Omit the pictures and return every entry exactly as written.

___ RECORDS TO PROCESS ___

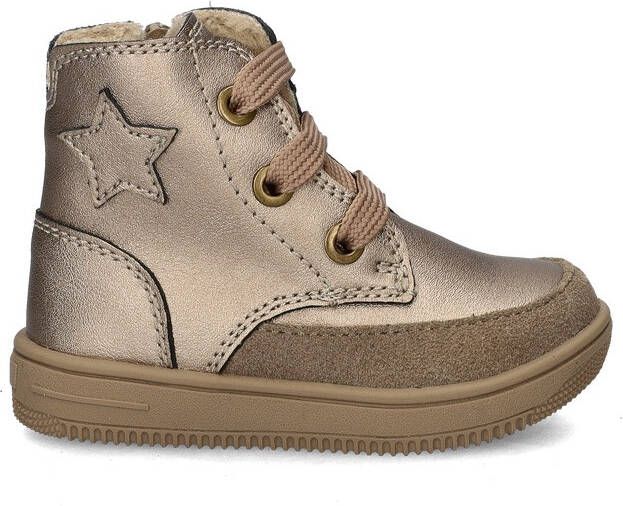 Nelson Kids veterboots goud Meisjes Imitatieleer Effen 23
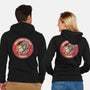 Emotional Support Punch-Unisex-Zip-Up-Sweatshirt-turborat14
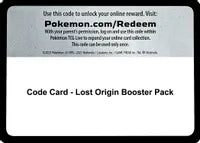 Code Card - Lost Origin Booster Pack - Lost Origin - Bulk of 30 Code Cards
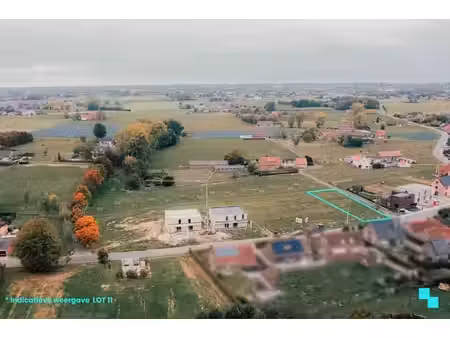 bouwgrond met landelijk verzicht in de ginste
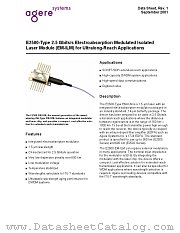 E2505H55 datasheet pdf Agere Systems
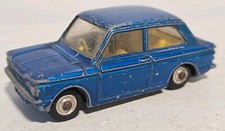 VINTAGE CORGI TOYS 251 HILLMAN IMP METALLIC BLUE DIECAST MODEL TOY CAR UNBOXED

___

_ANSWER TO THIS TASK:_
 Nelson Kids veterboots goud Meisjes Imitatieleer Effen 23
 Emotional Support Punch-Unisex-Zip-Up-Sweatshirt-turborat14
 Code Card - Lost Origin Booster Pack - Lost Origin - Bulk of 30 Code Cards
 bouwgrond met landelijk verzicht in de ginste
 E2505H55 datasheet pdf Agere Systems
 VINTAGE CORGI TOYS 251 HILLMAN IMP METALLIC BLUE DIECAST MODEL TOY CAR UNBOXED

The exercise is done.